Who’s in Line to Teach Your Kids If Their Teacher Gets Sick? 

I don’t think people recognize the gravity of what we’re asking of our school districts if they were to re-open as if everything were normal (though it’s looking like we may have a statewide mask mandate for schools, hopefully, though that is not certain as yet). It is very difficult for schools to find enough substitute teachers in a normal year. Hiring of certified staff and support staff is still incredibly difficult, with a teacher shortage nationally that is arguably still most acute in Oklahoma — we had over 3,000 emergency certified teachers last year because there were zero certified applicants for those positions across the state.

empty_classroom

Above all we need to protect our children, teachers, support staff, and administrators. In a recent OEA survey, 31% of teachers said they had vulnerabilities for COVID-19.  Further, it’s not as simple as many believe in terms of children’s health; thousands of Oklahoma children have one or more COVID-19 risk factors, as noted by OEA in the segment here labeled “Children at Risk.”  However, we should also bear in mind that even if this were not a deadly disease (though we know it is and that we do not yet know its lasting effects for survivors), in many communities there is no one waiting in the wings to step in while teachers are home recovering if they become ill.

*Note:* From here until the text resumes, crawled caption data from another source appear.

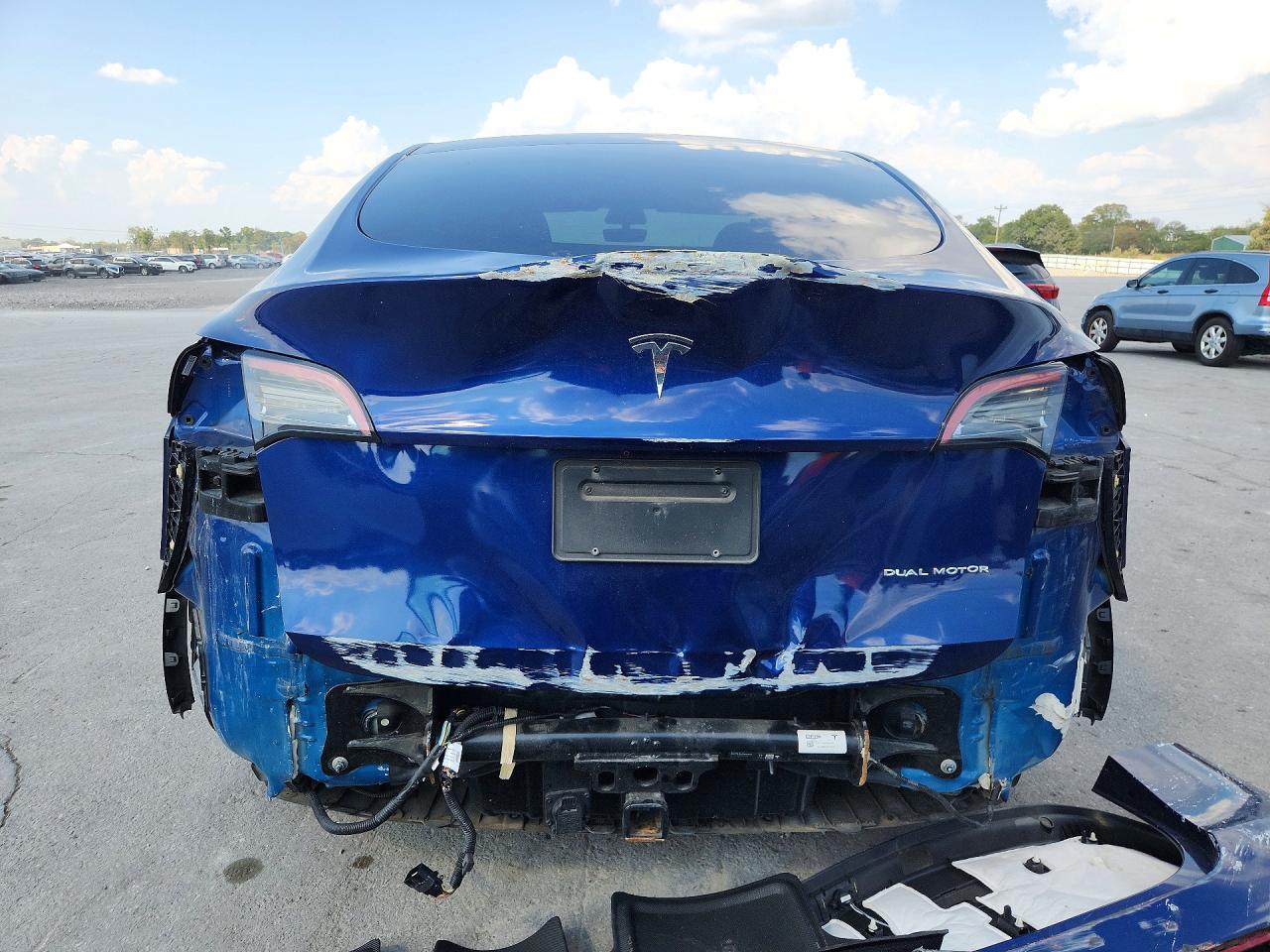 2023 Tesla Model Y - Image 6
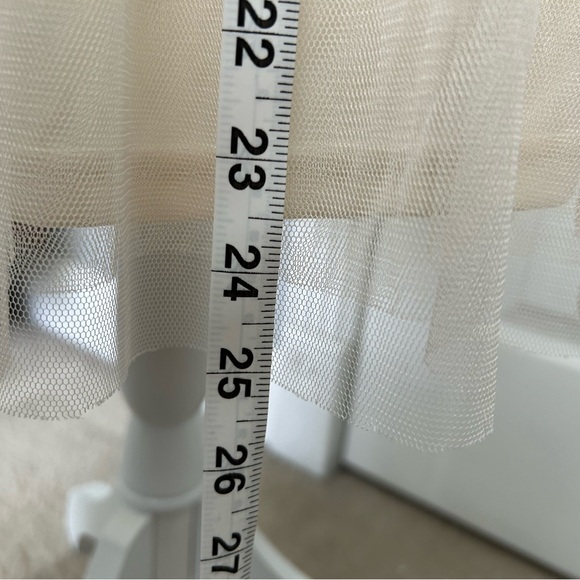 Forever 21 Cream Tulle Knee Length Skirt - Picture 8 of 9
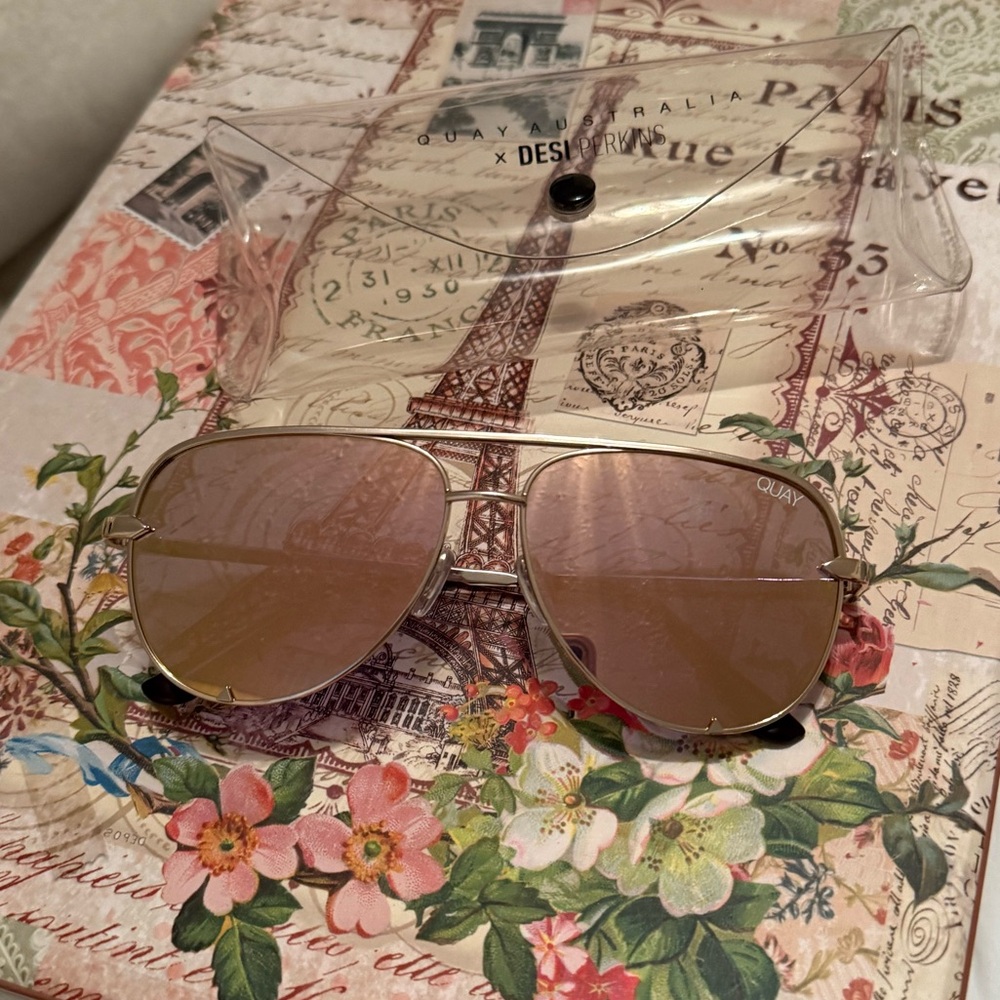 Quay Australia Desi Perkins rose gold mirrored sunglasses. Great condition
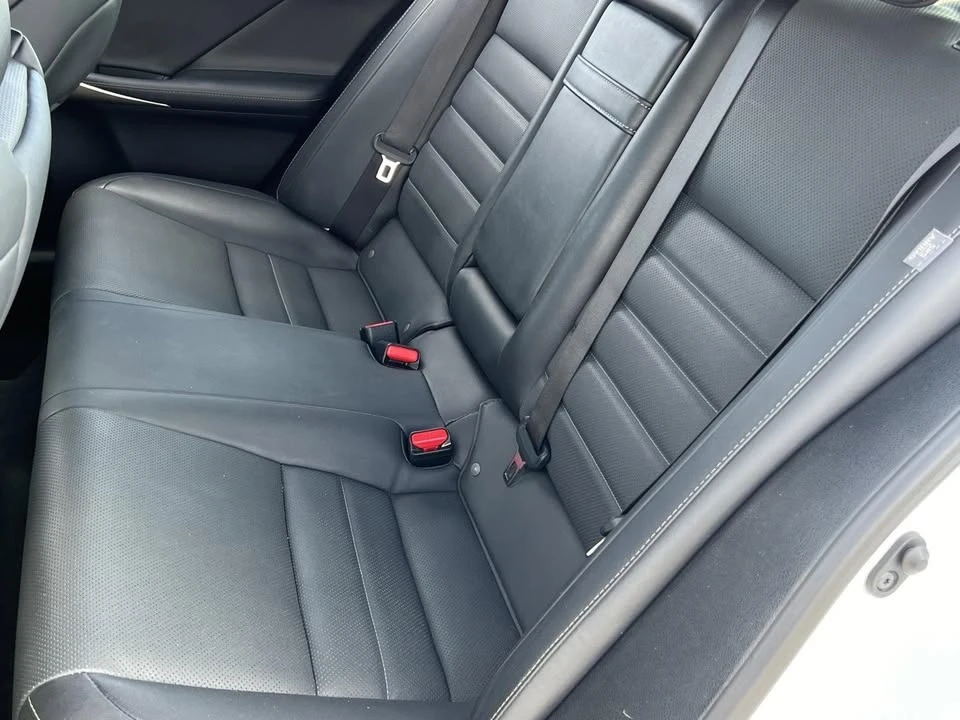 2020 Lexus IS 3rd Gen - Image 10 of 19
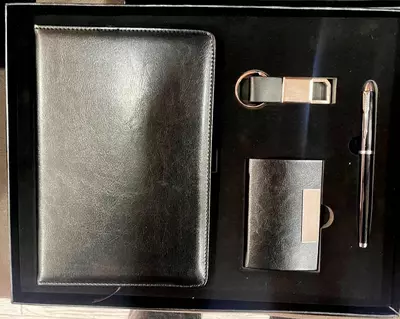 Подарочные наборы с логотипом (канцелярские наборы) Merchi.uz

This is a circumstance of our own making.  We continue to allow our schools to be under-resourced.  Case in point, now we have a governor who is taking a full $10 million (over ¼) of the relief funds our public schools desperately need and sending it to private schools.  Public schools serve 91% of Oklahoma’s school age children (703,650 public school children, 38,757 private school children, and the rest doing other options like home schooling).  With $29.9 million going to public schools (and it looks like a portion of that may be going elsewhere but just to keep it simple, let’s say this whole remaining chunk of the funds were going to public schools) and $10 million to private schools, Governor Stitt has offered up about $42 per public school student vs about $258 per private school student – more than 6 times the money per child for private school students than that offered for each public school child.  Nevermind the fact that public funds should serve public needs.  This is a page ripped from the DeVos playbook.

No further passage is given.